Yes, I have a programmed solution. The answer is in the Compose file under /usr/share/X11/locale/iso8859-1/ and /usr/share/X11/locale/en_US.UTF-8/
That's where all the definitions of the dead keys are. Put in a series of lines like this:
<dead_acute> <S> : "'S" # APOSTROPHE then LATIN CAPITAL LETTER S
instead of the entry in en_US.UTF-8/Compose, which is:
<dead_acute> <S> : "Ś" U015A # LATIN CAPITAL LETTER S WITH ACUTE
Also create lines for every other letter, cap and small, for the ones that by default aren't defined at all, and will therefore do nothing:
<dead_acute> <b> : "'b" # APOSTROPHE then LATIN SMALL LETTER b
Put all these changes into a file named .XCompose, dot ex compose, note the caps, in your home dir. If you copy the whole file and only edit in these lines, taking the old ones out, you don't need to include the mother file, but if you only put your changes into your .XCompose, you will need to put an include line at the top of the file, referencing the system file your lines of code will replace lines from. The way the syntax works is each line supercedes the previous line with the same code before the colon, and redefines that string to your new one, and all after the hash # is ignored as a comment. Here's your chance to make it whatever you want. As a testing thing, I set <dead_acute> <1> to "XCompose 1.0", just so I could immediately see if my code was being called at all in my .XCompose file.

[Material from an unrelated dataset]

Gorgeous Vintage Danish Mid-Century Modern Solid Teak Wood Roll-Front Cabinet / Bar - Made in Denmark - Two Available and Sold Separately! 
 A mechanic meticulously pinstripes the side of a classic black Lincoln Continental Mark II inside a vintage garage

That should give you the MS-Win international US keyboard behaviour you want, so you can type in " 'Best wishes,' he didn't say. ", only having to hit the space bar once extra after the close-single-quote after the comma, because you've mapped "'B" to "'B" and "'t" to "'t", not to something unexpected that only a linguist would use.
Also, you might have to change your keyboard handler to "xim" instead of the default for your installation of Linux. There's an article on how to do that.
"xim" uses the Compose/.XCompose files.
Now if only I knew how to turn off the smart quotes, which are driving me batty.